Signal Subgraph Estimators¶
This tutorial will introduce the following signal-subgraph estimators:¶
Incoherent subgraph estimator
Coherent subgraph estimator
[1]:
import graspologic.subgraph as sg
import matplotlib.pyplot as plt
import numpy as np
/home/runner/.cache/pypoetry/virtualenvs/graspologic-pkHfzCJ8-py3.10/lib/python3.10/site-packages/tqdm/auto.py:21: TqdmWarning: IProgress not found. Please update jupyter and ipywidgets. See https://ipywidgets.readthedocs.io/en/stable/user_install.html
from .autonotebook import tqdm as notebook_tqdm
Preliminaries¶
The general graph model is characterized by \(M_V(m,s;\pi,p,q)\), where:
\(V\) - the number of vertices in the graph
\(n\) - the number of graph samples
\(s\) - the number of edges that must be present in the subgraph
\(m\) - the number of vertices that each edge in the subgraph must be incident to
\(\pi\) - the probability of a graph sample being of class 1
\(p\) - the probability of edges in the signal-subgraph, conditioned on Class 0
\(q\) - the probability of edges in the signal-subgraph, conditioned on Class 1
The signal-subgraph is a subset of edges with distinct class-conditional likelihood parameters. The signal-subgraph estimator evaluates a test statistic for each edge in the graph and selects \(s\) edges with the lowest test statistic, where \(s\) is the desired size of the signal-subgraph.

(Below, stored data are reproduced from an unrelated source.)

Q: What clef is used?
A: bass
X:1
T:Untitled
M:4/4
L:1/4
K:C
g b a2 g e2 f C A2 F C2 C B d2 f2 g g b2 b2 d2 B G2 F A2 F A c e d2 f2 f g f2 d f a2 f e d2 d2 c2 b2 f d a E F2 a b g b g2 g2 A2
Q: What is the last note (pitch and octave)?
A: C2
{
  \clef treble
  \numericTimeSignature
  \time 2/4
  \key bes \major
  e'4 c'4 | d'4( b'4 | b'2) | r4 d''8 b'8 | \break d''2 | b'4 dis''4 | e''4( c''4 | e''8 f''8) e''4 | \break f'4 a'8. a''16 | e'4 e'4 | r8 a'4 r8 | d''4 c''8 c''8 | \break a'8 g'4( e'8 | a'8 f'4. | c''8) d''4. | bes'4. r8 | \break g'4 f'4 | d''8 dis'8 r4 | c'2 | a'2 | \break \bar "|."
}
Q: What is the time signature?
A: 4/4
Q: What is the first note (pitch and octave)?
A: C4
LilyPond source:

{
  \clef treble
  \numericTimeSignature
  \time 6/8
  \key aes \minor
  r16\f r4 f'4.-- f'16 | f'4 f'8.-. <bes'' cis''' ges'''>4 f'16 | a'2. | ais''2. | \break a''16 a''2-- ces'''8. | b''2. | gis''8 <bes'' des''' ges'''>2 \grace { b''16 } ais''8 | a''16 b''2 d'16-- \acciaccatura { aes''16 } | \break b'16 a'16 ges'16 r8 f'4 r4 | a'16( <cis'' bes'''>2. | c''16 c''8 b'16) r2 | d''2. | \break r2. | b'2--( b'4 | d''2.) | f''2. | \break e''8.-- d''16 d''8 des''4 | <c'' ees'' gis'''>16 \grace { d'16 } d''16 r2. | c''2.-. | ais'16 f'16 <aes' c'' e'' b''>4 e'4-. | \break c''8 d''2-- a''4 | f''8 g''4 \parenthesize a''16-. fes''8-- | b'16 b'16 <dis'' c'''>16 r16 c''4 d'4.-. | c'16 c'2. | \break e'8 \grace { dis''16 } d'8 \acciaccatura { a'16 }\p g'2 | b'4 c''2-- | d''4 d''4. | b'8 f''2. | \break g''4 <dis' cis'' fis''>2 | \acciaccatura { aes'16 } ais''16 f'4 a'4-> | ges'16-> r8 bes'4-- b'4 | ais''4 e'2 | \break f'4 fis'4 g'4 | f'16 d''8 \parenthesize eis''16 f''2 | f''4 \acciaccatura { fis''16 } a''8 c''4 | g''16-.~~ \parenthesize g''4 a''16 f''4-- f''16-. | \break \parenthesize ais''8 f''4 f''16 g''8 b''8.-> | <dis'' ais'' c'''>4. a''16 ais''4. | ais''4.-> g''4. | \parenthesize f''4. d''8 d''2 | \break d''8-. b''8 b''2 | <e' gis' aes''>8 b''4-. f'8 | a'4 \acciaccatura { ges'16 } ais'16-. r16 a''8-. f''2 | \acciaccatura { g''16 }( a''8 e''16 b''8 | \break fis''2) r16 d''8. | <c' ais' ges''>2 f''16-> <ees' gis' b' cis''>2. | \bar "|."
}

The estimator that is used to find the signal-subgraph determines certain properties of the resulting subgraph. Both estimators use \(s\) to determine the size of the resulting subgraph. \(m\) is only used for the coherent estimator, which constrains the subgraph to \(m\) vertices.
Incoherent Signal-Subgraph Estimator¶
For this example we will randomly select 20 edges from a graph with 70 vertices. These edges will have distinct class-conditional edge probabilities, and the graphs will be sampled from the model \(M_{70}(20; 0.5, 0.8, 0.1)\), with \(n = 100\).
[2]:
from graspologic.plot import heatmap
verts = 70
sedges = 20
pi = 0.5
p = 0.8
q = 0.1
nsamples = 100
np.random.seed(8888)
classlabels = np.zeros(nsamples, dtype=int)
classlabels[1::2] = 1
sigsubindex = np.random.choice(verts ** 2, sedges, replace=False)
vect = p * np.ones(verts ** 2)
vect[sigsubindex] = q
vect = np.reshape(vect, (verts, verts))
expected = np.where(vect == q, 1, 0)
blank = vect[:, :, None] + np.zeros(int(nsamples / 2))
A = p * np.ones((verts, verts, nsamples))
A[:, :, 1::2] = blank
A = np.random.binomial(1, A)
sigsub = sg.SignalSubgraph()
sigsub.fit_transform(graphs=A, labels=classlabels, constraints=sedges)
estimatesigsub = np.zeros((verts, verts))
estimatesigsub[sigsub.sigsub_] = 1
fig, ax = plt.subplots(ncols=2, figsize=(10, 5), constrained_layout=True)
heatmap(expected, ax=ax[0], cbar=False, title="Expected Signal-Subgraph")
_ = heatmap(estimatesigsub, ax=ax[1], cbar=False, title="Estimated Signal-Subgraph")
Note that because \(p\) and \(q\) are sufficiently distinct and \(n\) is sufficiently large, the Expected and Estimated signal-subgraphs should match exactly.
Incoherent Signal-Subgraph Estimator¶
Once again, we will randomly select 20 edges from a graph with 70 vertices. These edges will have distinct class-conditional edge probabilities, but the graphs will be sampled from the model \(M_{70}(1, 20; 0.5, 0.8, 0.1)\), with \(n = 100\).
The estimated signal-subgraph will have 20 edges, constrained so that each edge must be incident to the same vertex. First, we will use the same expected signal-subgraph as the previous example.
[3]:
np.random.seed(8888)
classlabels = np.zeros(nsamples, dtype=int)
classlabels[1::2] = 1
sigsubindex = np.random.choice(verts ** 2, sedges, replace=False)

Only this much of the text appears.